By the way, in case you’re up for it, it occurred to me that the function used to compute what I’ve been calling the “bump map” (for translating from 2.5 to 2D) might also be learned through gradient descent. And likewise how the relative polygon sizes should be converted into weights.
This may be totally unnecessary, so ignore this if that’s case. I’m guessing that the calculation of those weightings and/or bump maps might be complex - or rather than trying to figure out the maths might be hard word.
The thing is that the gradient descent algorithm is quite good at optimising what would otherwise be hyperparameters. So, for the 2.5D->2D bump map for example, maybe you decide on some function that, for a given polygon, looks at the third axis (we’ll call it height) of the adjacent polygons, calculates the amount of curvature, then multiplies by some hyperparameter to derive a weight. You can use gradient descent to find the optimum hyperparameter, optimising via the same loss function that you’d use as part of your standard supervised learning. All you need to do is to include that hyperparameter in the gradient tape (TensorFlow terminology). Again, I know this is possible, I just don’t (yet) know what the code is to do it.
Happy to explain better if you’re interested in this approach, but my explanation isn’t clear enough.
An interesting logical extension, mind you, is that if you can use the network to learn this hyperparameter, it gives a clue on an extended network input structure so that you can have the network cope with the full 2.5D mesh coordinates. But I’d keep it simple, do the bump map function manually at first, and build on it once you’ve got things working.
Then I think you’ve got the right idea - train on 1000x1000 meshes. When you run against 10x10 meshes, pad out to 1000x1000 in such a way that represents a wider sheet with load only applied in the middle.
Keep your convolution map to an appropriate small size - the largest practical extent to which the heat can dissipate. This will probably be something like 10x10 or less.
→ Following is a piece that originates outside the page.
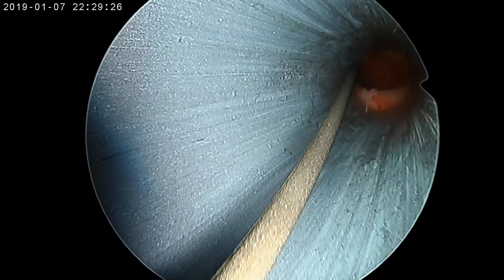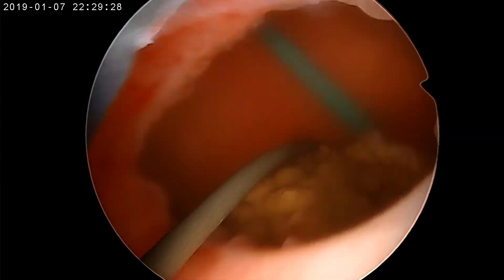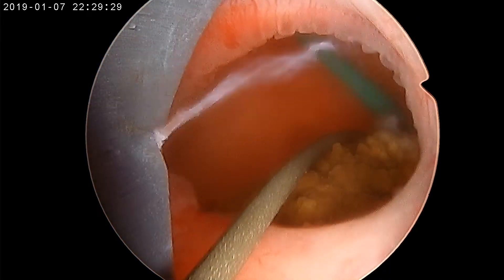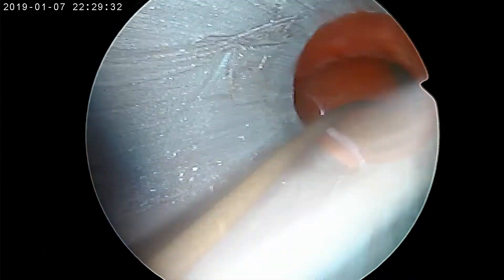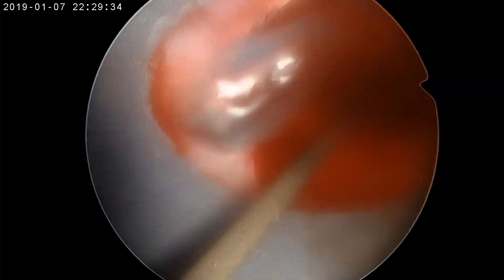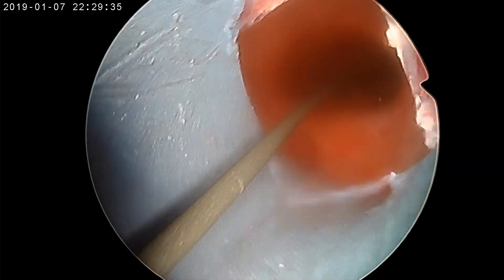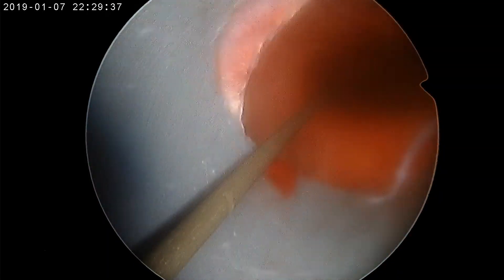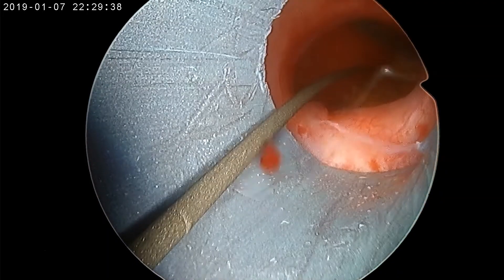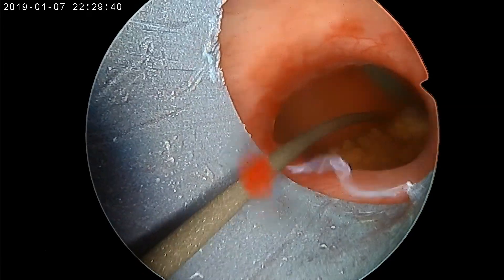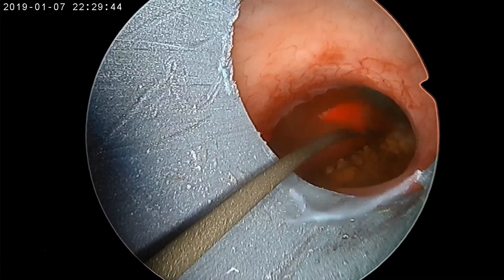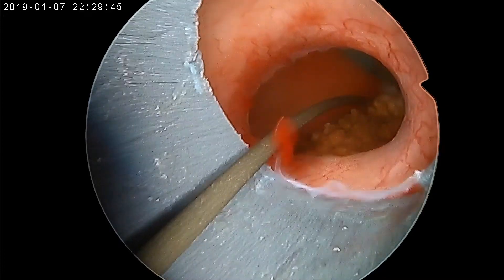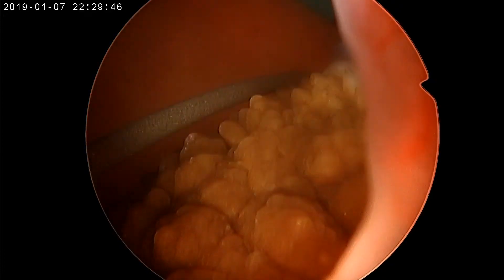The same calyx is confirmed on endoscopy. When pulling the Amplatz sheath slightly back, the punctured calyx is visualized — this is the mid posterior calyx. A perfect puncture is confirmed by the infundibulum being seen directly in front after entering the calyx.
Contradicting Ben a little, there’s no extra weights to compute/learn in this padding solution. You’re only training a 10x10xdepth CNN, and even the depth here is a static hyperparameter.
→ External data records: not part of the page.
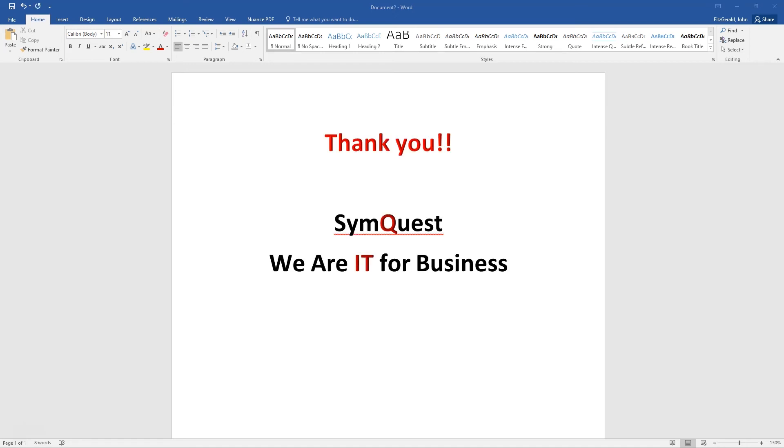If you have any questions, please feel free to give us a call. We are here to help. Thank you very much and have a wonderful day.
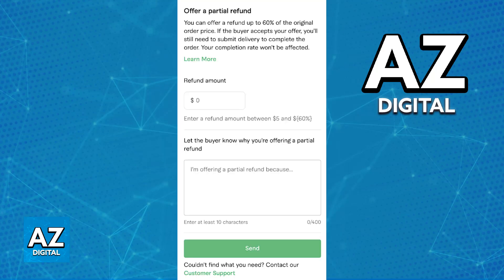Next, you will be able to specify the amount. You can input the amount between $5 and 60% of the original order price, and then let the buyer know why you are offering the partial refund. Include the reasoning with up to 400 characters and then send.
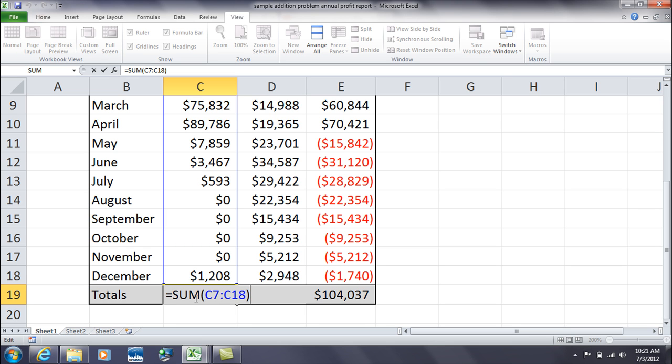You don't have time to sit there and go C7 plus C8 plus C9 plus C10. So, that's why we use the SUM function to make things easier to handle, especially large spreadsheets.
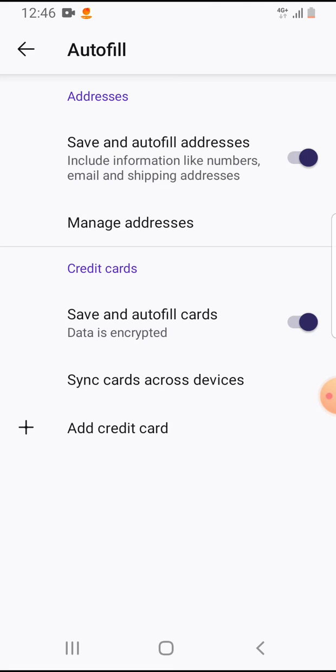If it's turned on, then it will autofill your address to the sites. That's pretty much it for this video. I hope it was helpful for you. If it was, please consider subscribing and see you in the next one.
Furthermore, because your model is CNNs only, without any FCNs, there’s nothing stopping you from applying the same trained network against meshes of any size. The problem is only in the APIs. When you build and train a model, it locks in the shape and prevents you from providing inputs with different widths/heights. I believe that’s fairly easy to overcome, with a little it of extra coding. What you have to do is, each time you evaluate:
create a brand new model sized to the dimension of the input mesh
copy the CNN weights from the trained model into the new model
do whatever it is that’s needed to mark the model as ready for use
use that cloned model for evaluation.
For meshes less than 1000x1000 there’s probably no benefit, assuming that 1000x1000 fits into your GPU. But larger meshes it’s worth it. Alternatively, this gives you the option of picking the training mesh size that best optimises use of your GPU.
Coincidentally, just came across this in my notes. Apparently something called a Fully Convolutional Network might help you cope with meshes of different sizes:
You are totally right, the filter won’t have hyperparameters for the padding. That was not well communicated. Thanks for that.
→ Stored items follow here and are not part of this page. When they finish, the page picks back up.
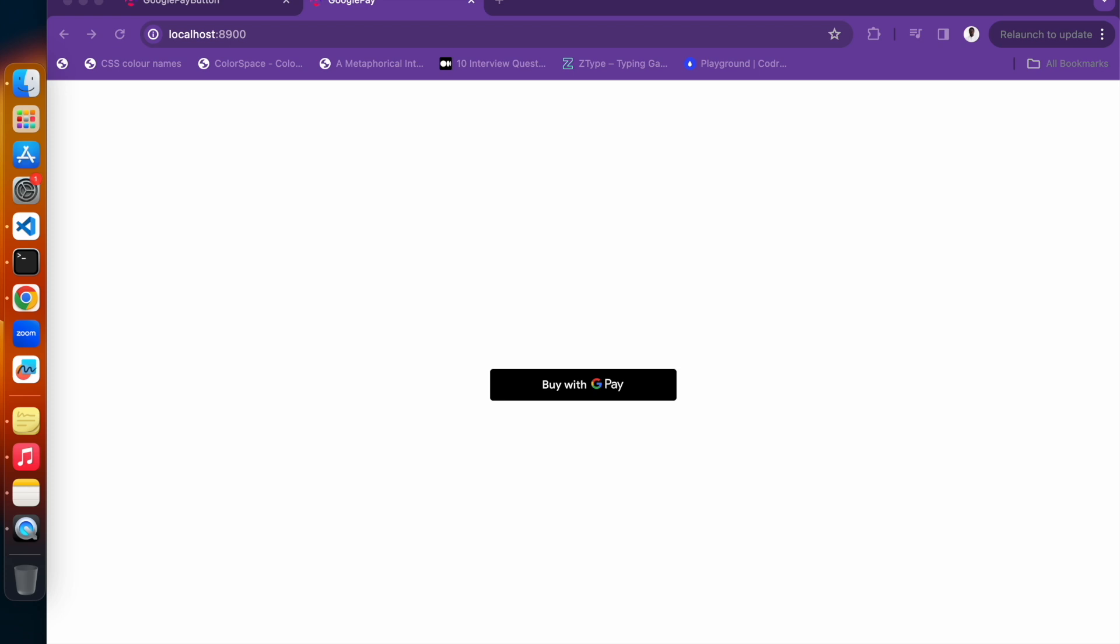Hello everyone, welcome back to my channel. Today we have an exciting tutorial for you as we'll be exploring how to integrate the Google Pay API into your Angular web app in version 17. This will enable your users to make seamless and secure payments right from your application.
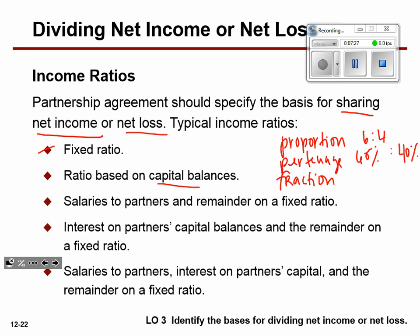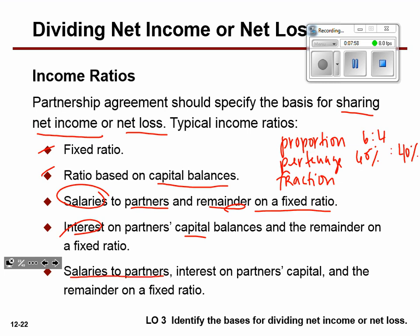You could base ratios off of whatever your capital balances are. You can also pay your partners a salary, and then whatever is left over in net income, use a fixed ratio to divide that. Or you can give partners interest on whatever's sitting in their capital balances. Or you can do a combination of all of it — pay your partners, pay them interest on capital, and then whatever's left over would be a fixed ratio. That last combination is what we are going to do.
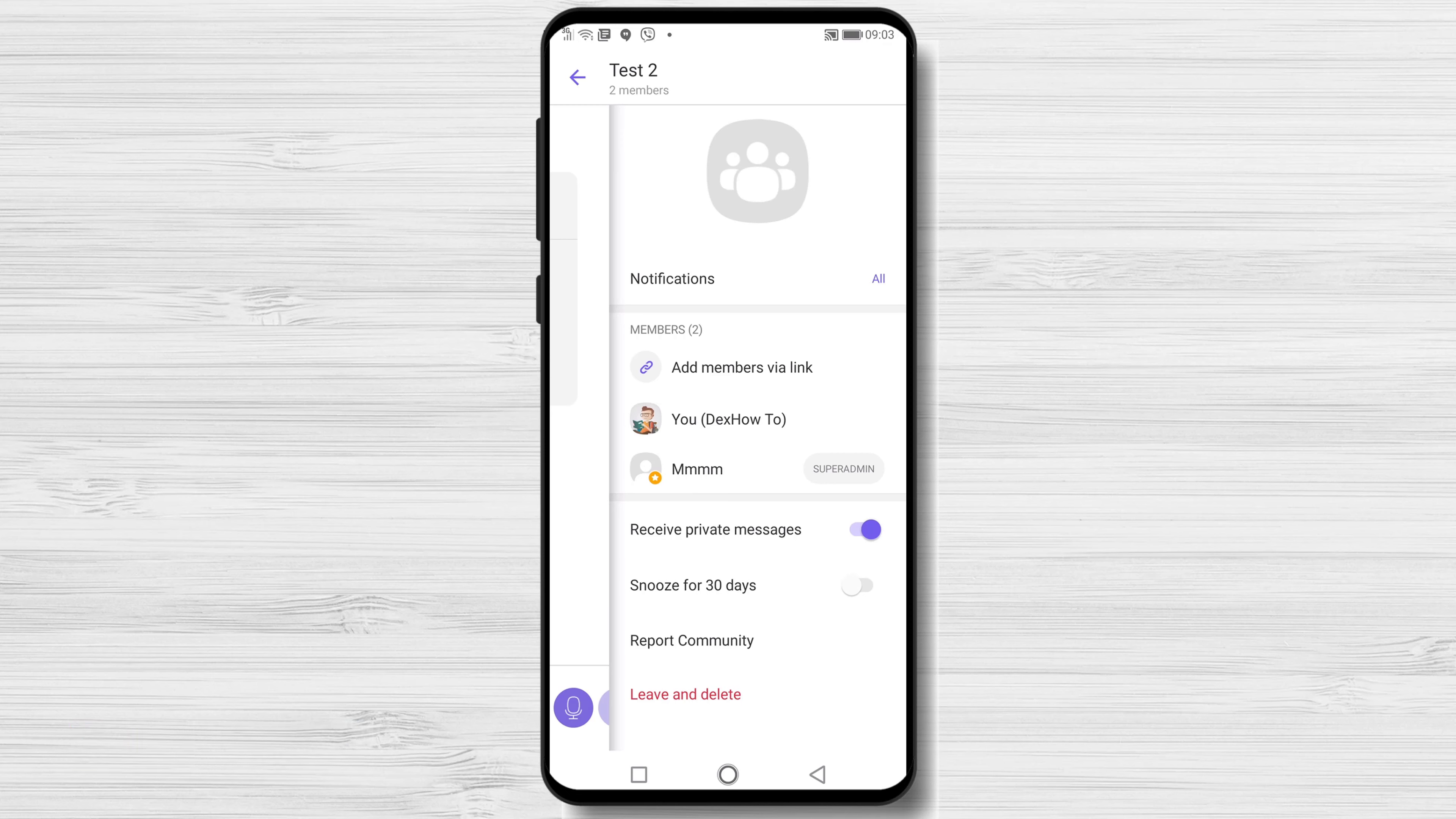Also, you can set up here the option to receive private messages from the members from the group. Just swipe to off so you will not receive any private messages from members that you do not know.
Could funnyfox use something like a channelwise correlation between polygons being in a certain radius close to each other, thus calculating the effect of dependent heat distribution and the temperature? Not sure if that makes sense.
Thanks for interesting thoughts again. I want to think through further on one of your suggestions:
create a brand new model sized to the dimension of the input mesh
copy the CNN weights from the trained model into the new model
In the second bullet, how do you envision we copy the weights from one model to the other ? Or how do we copy weights from a model that is trained on say, 100 x 100 grid to use on a model that will solve 1000 x 1000 grid ?
I want to elaborate on this to understand more: Let us say, we fix 100 x 100 grid as baseline for our training purposes. We will use a 10x10 filter (like you suggested) and solve the CNN on some type of a U-net where we convolve the input grid to a small layer and end up with latent variable (with some fc layers) and de-convolve to arrive at a 100 x 100 grid which will have the temperature. Something like below:
If we look at the figure (which I agree is highly simplified), are you suggesting we use the 10x10 filter and 5x5 filter that is learned on a 100 x 100 grid and apply the same filter on a larger grid - say 10,000 x 10,000 ? If the conv operation is indeed capturing the physics of how a local hotspot distributes heat to its surroundings these kernels should have everything we need to apply at any length scale.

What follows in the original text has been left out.